Written by Pastor Ed
January 1, 2017
Eccl. 3: 1-13
Rev. 21: 1-6a
“Turn, turn turn”
It was Pete Seeger who put this passage from Ecclesiastes into song back in the 50’sand then the Byrds who made a popular hit out of it back in the 70’s. (Have you ever noticed how all these songs I choose seem to be from the 70’s? Showing my age here I guess.) It is rather interesting that a passage from the Bible could become a popular song, but perhaps not surprising that Seeger would do so, and it was seen at the time as an anti-war song, given his turn of phrase at the end.
For the writer of Ecclesiastes, it was more a commentary on life and could be taken as a rather fatalistic view. And some have taken it that way. I’ve heard people who say, “Well it must have been their time,” even when it was very untimely.

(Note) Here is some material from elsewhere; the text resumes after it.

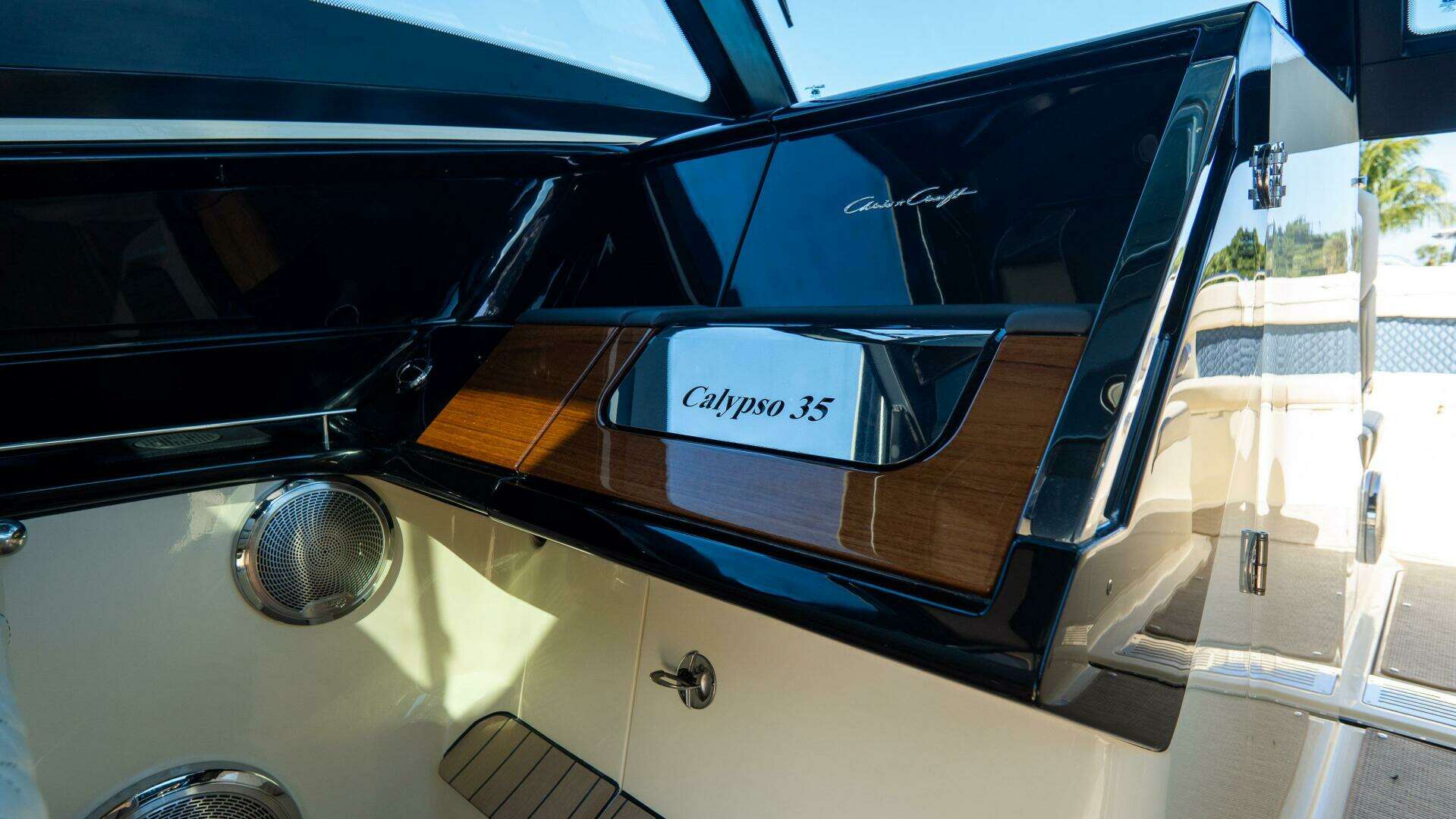2026 Chris-Craft Calypso - Image 10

When we come to the end of a year and the beginning of a new one, it is always a time to reflect on what the past year has held, and perhaps think about the year ahead. And when we reflect on the year just past, we discover that most all of the things mentioned by the writer of Ecclesiastes have been true.
There have been births, and there have been deaths; times of joy as well as times of sorrow. There have been things that build us up, and other things that have torn away at us. There has been love and there has been hate. It is the universal condition of humanity.

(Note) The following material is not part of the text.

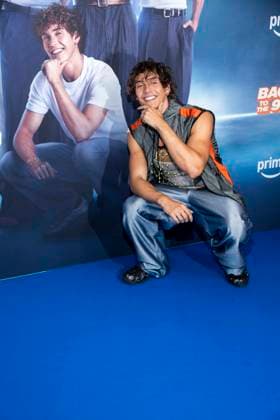 ABB AMAZON- Bene Schulz zu Gast auf dem blauen Teppich bei der Weltpremiere der Amazon Prime Serie Back to the 90s im Delphi Filmpalast am 18.AUGUST 2026 in Berlin Berlin Deutschland *** ABB AMAZON Bene Schulz walks the blue carpet at the world premiere of the Amazon Prime series *Back to the 90s* at the Delphi Filmpalast on August 18, 2026, in Berlin, Berlin, Germany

It’s very easy sometimes to get caught looking only at one side of this equation. We tend to see one of each pair as a positive, and the other as a negative. But I had to ponder what life would be like if only one side of these opposites were the case. Would we really be happy if everything were always upbeat? And what would happen to us if we only experienced the negative side of life?

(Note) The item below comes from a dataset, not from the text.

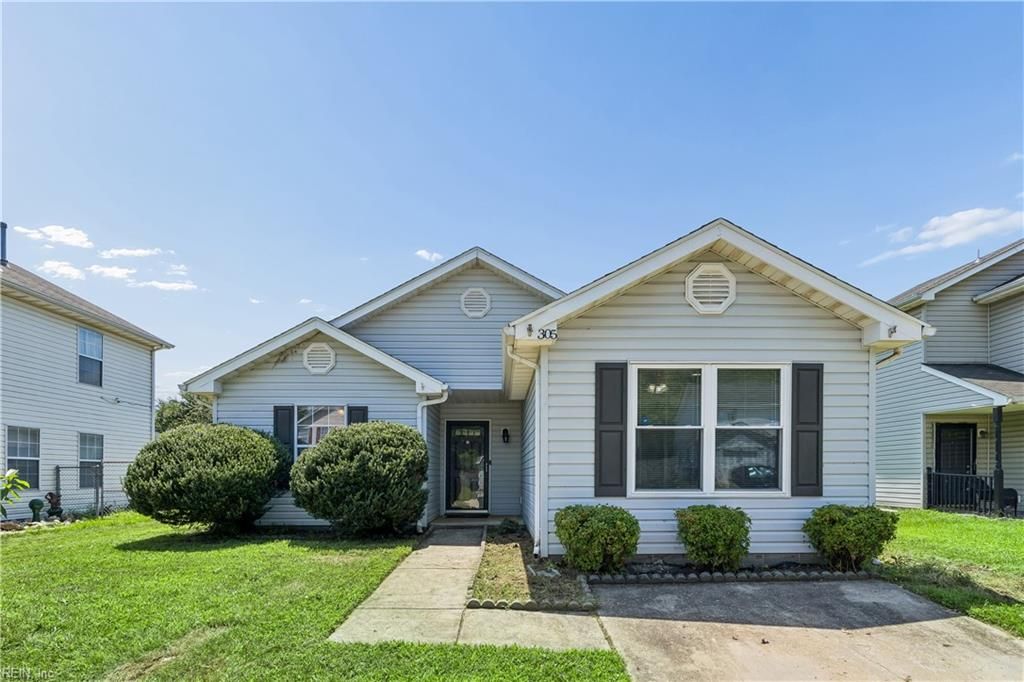 305 Greenfield CRES, Suffolk, VA 23434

I’ve known people who always seemed to be upbeat, always cheerful, even in the face of loss. But I’ve also seen those people crash and burn when they are suddenly faced with tragedy or their own mortality. As Matthew Henry said in his commentary on this passage, “To expect unchanging happiness in a changing world, must end in disappointment.” And I’ve also known people who seem to only experience the down side of life, who often end up in despair and even suicide because they come to believe that life would be better off without them in it.
One of the classes I took long ago talked about emotions and said that if you take opposite emotions and put them on a continuum, you will only be able to experience one side of the scale to the extent that you also experience its opposite. That is, you need to experience mourning if you want to experience dancing, to use one of the pairs in our passage.
That’s the whole point behind the seasons of Advent and particularly Lent, recognizing that to experience the full joy of Christmas and Easter, you have to experience a time of not rejoicing beforehand. It’s why preachers do these strange things like suggest that we not sing carols until Christmas, or not sing any Alleluias during Lent. But I digress.
It would be easy to become fatalistic if we just read this passage and decide that that’s the way it has always been and always will be. Life happens. But life doesn’t just happen to us. We also play a role in what happens in our lives, and in our outlook on life.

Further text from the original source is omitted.